Nea Pafos, is located in Pafos District, on a small promontory on the southwest coast of the island (Fig. 1). Nea Pafos archaeological site was inscribed on the World Heritage List of UNESCO in 1980 and today is considered one of the most important sites of the island, accessible to the public, numbering the most visitors on the island throughout the year (more than 200,000 visits per year). Nea (which means new) Pafos was called like this in contrast to the old city called Palaepaphos, situated further in the south east of the district, where the modern village of Kouklia is located today. Nea Pafos, substituted the old one, after the abolishment of the old city-kingdoms of Cyprus and the unification of the island under the Ptolemies of Egypt.

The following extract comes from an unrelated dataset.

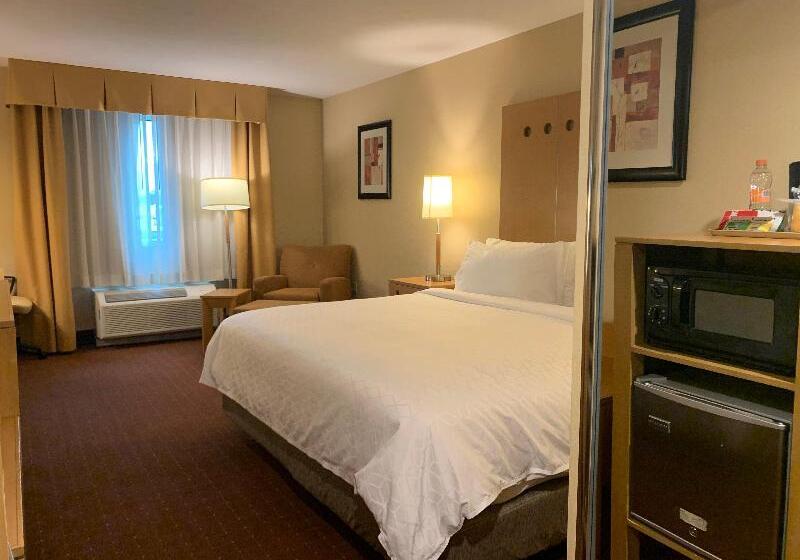 غرفة قياسية سرير كينج, Holiday Inn Express Saltillo Zona Aeropuerto, An Ihg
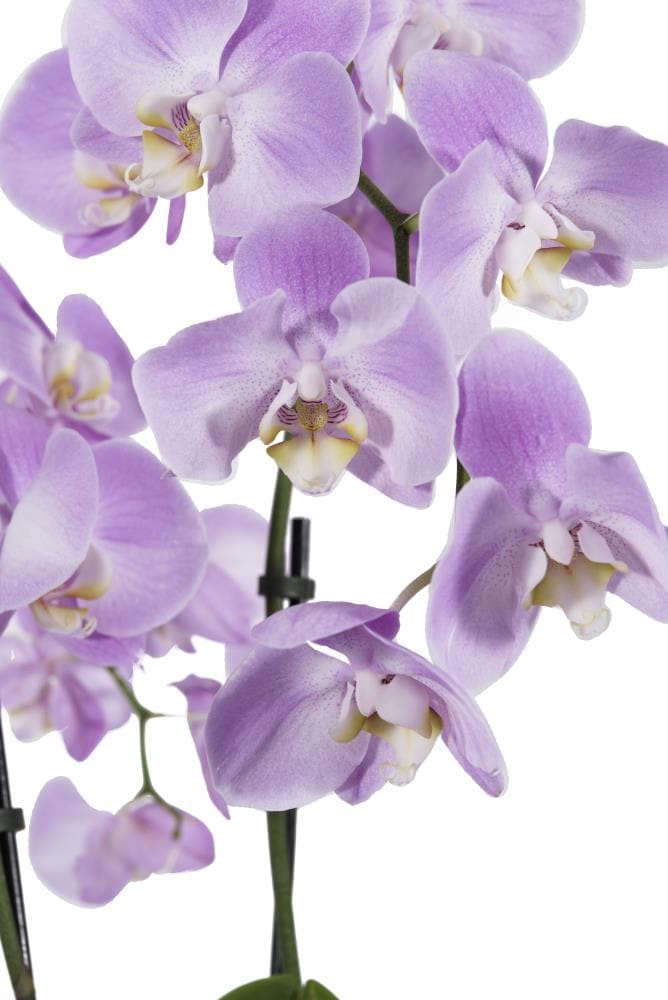 slide 5 of 6, Multicolor Asst. Orchid House plant in 1.68 Pint(s) Pot 1 -Pack, 1 ct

Figure 1 Archaeological site of Nea Pafos: as seen from Google (left and middle); a view of the coastal area surrounding the site and the view of the excavated theatre (middle and right © Limes.Media).
According to written sources, the town of Nea Paphos was founded at the end of the 4th century, by Nikocles, the last king of Palaepaphos. In the beginning of the 3rd century B.C. when Cyprus became part of the Ptolemaic kingdom and Nea Pafos became the centre of Ptolemaic administration on the island. Until the end of the 2nd century B.C., Nea Pafos acquired such an important role as political and economic center, which turned it into the capital of the whole island and remained as such until the 4th century AD.
The remains that we see today related to the ancient city of Nea Pafos are mainly dated to the Hellenistic and Roman period, covering six centuries of history of the island. Nea Paphos was a harbour town and a planned city. The city seems to have already been fortified by Nicocles and the city walls formed a considerable work of defence. Most of their superstructure has disappeared or quarried, but the course of the city wall can be traced over most of its length by the rock-cut foundations.
Some of the most important monuments of the site are the roman villas decorated with impressive floor mosaics, such as the so called ‘House of Dionysos’, a spacious villa representing the well-known type of Roman atrium house. In this villa more than forty rooms are grouped around a peristyle atrium with an open ‘impluvium’ in the centre. The ‘House of Dionysos’ was named after the floor mosaics pictorial compositions representing mythological scenes frequently connected with the myth of Dionysos. Other luxurious Roman villas are with floor mosaic are the ‘House of Aion’ and the ‘House of Orpheus’.
Apart from the villas, the civic centre of Nea Paphos, where according to the rules of Hellenistic and Roman town-planning the important public buildings were concentrated, was situated in the north-western part of the city and included the important public buildings of the town, such as the Agora, the Theatre and the Asklepieion and other.